My identity now is a father, first and foremost. And I want to spend as much time with my kids as possible. But being responsible for nearly 100% of my family’s income (full time job) and chasing this dream to own a successful brewery (a dream shared by my wife and I) cuts into time with my sons and wife. That time is lost, it is constantly slipping through my fingers. It kills me when I have to go to a beer fest for 11 hours and serve people as they get progressively less coherent, across two sessions, repeating the answers to the same few questions until I’m hoarse on a Saturday. I wake up, make breakfast for my kids, go set up for the beer fest, pour beer all day, get home after they’ve gone to bed. My wife does a good job sending me little videos of the baby saying “Pizza” for the first time, or the boys going down a slide together, or them saying “good night dada”. It’s not all bad, at times beer festivals are fun, I do meet great people at those things, but while I’m doing it, I imagine pushing my kids on the swings, or reading stories, or playing Star Wars. I like to think that I make it up to them by going on bike rides, trying to get home early from work by going in early, making waffles on the weekends, including them in “tool projects” while we work on parts of the house. But who knows if they feel neglected or will feel neglected later.

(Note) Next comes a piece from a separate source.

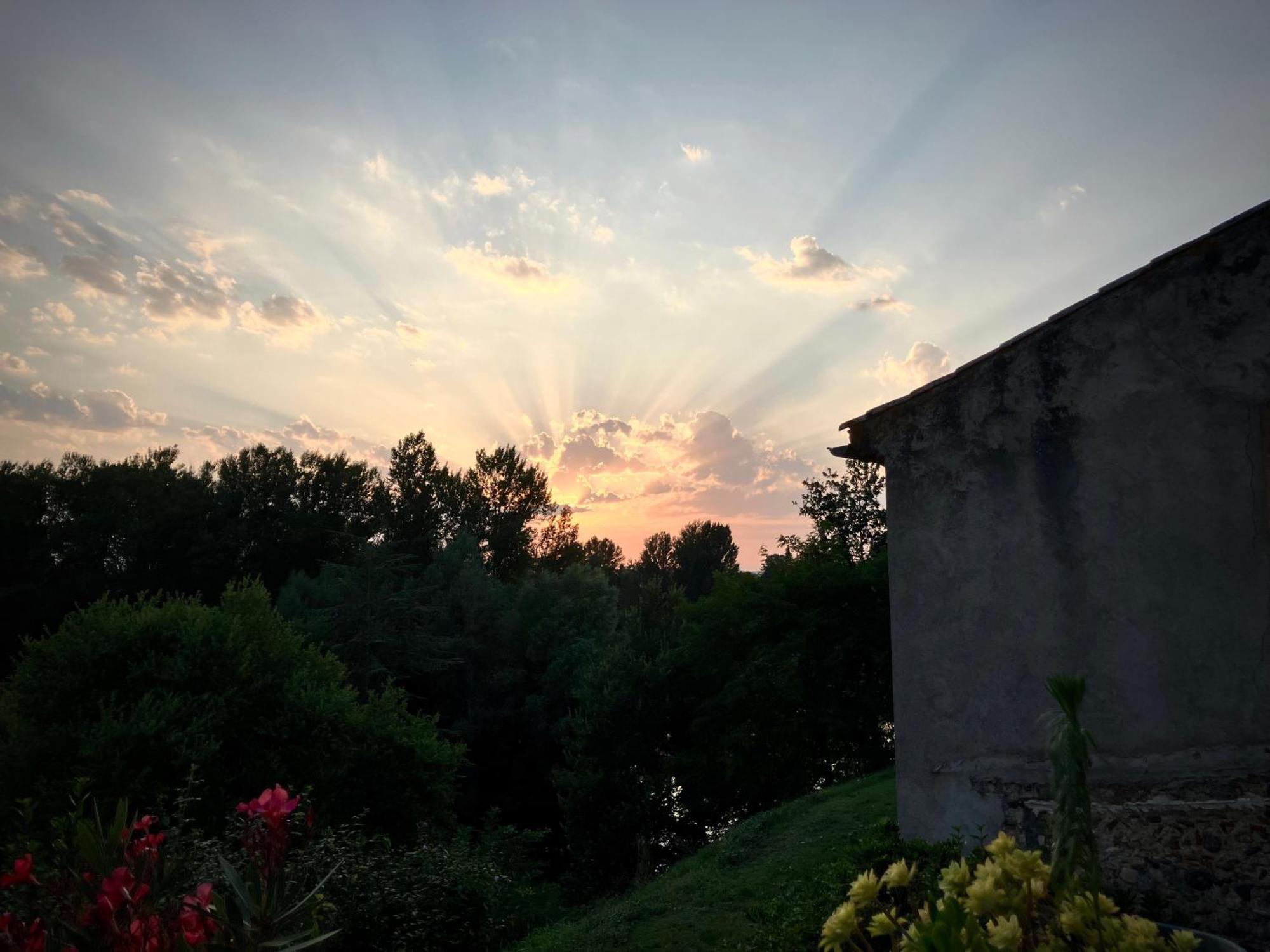 Beautiful Village House Next To Garonne River! Couladere Exteriör bild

I don’t always know the right thing to do, or even how to deal with all of my responsibilities. At times, I’m overwhelmed by the work, by the volume of things in the time frame it has to be done. But most of time, I’m at peace with all of this. My family really is my center. My wife can make my day 100% better just by putting her hand on my back. My kids can make me happy just by bringing me some Star Wars toys or a book to read.
On thing I like to do to help make emotional ends meet is to let my kids participate or hang out with me. My family loves hanging out at the brewery or helping me brew test batches at home on the little homebrew system I have. I love it too. I don’t ever let them do anything potentially harmful or dangerous, so let me stop you right there. But sometimes they like playing bean bags or putting caps on the kegs or just sitting there with a coloring book while I check the gravity in the middle of a fermentation. It is something I can share with them.
In the end, I’d rather be the busy but hopefully thoughtful father who can demonstrate to his kids that there’s more to life than the cookie cutter middle class existence.
But please remember, all small businesses are family businesses. So if you hate someone’s product, try to be polite. That was made with time that was taken from another portion of their life. Time that might have been spent fighting a 5 year old with an inflatable light saber or reading a 1 year old “Go Dogs Go” for the 500th time. My wife and kids are my entire family. My time away from them is not trivial. It is me giving up the most precious thing to me, to go sweat in a room for a day watching water boil.
Wow such a awesome post! You really hit the nail on the head about how time spent making beer, is time you have to give up with your family. That’s a huge sacrifice on your part, and you family’s just so people can enjoy something you’ve made. Seems like for a lot of people that connection between brewer/beer, and the fact that people who make the beer actually have lives to gets lost. As a Homebrewer I can definitely appreciate the time you spend making beer. I couldn’t imagine doing it at a larger scale! Look forward to more post keep it up!
Awesome story mate!
Good luck with everything!
Cheers
Chris
http://www.beerhealer.com
I’m a current research scientist (astronomy) thinking about leaving the field, also a father of two boys, and that part about wondering who you are without your job as identity really hit home. I’m not jumping off to start my own business like you (you’ve got more guts than me, I think!) but the existential semi-crisis that comes with “Now that I’m not doing science any more, what is my life for?” – yeah, I feel those feels, too. Hang in there!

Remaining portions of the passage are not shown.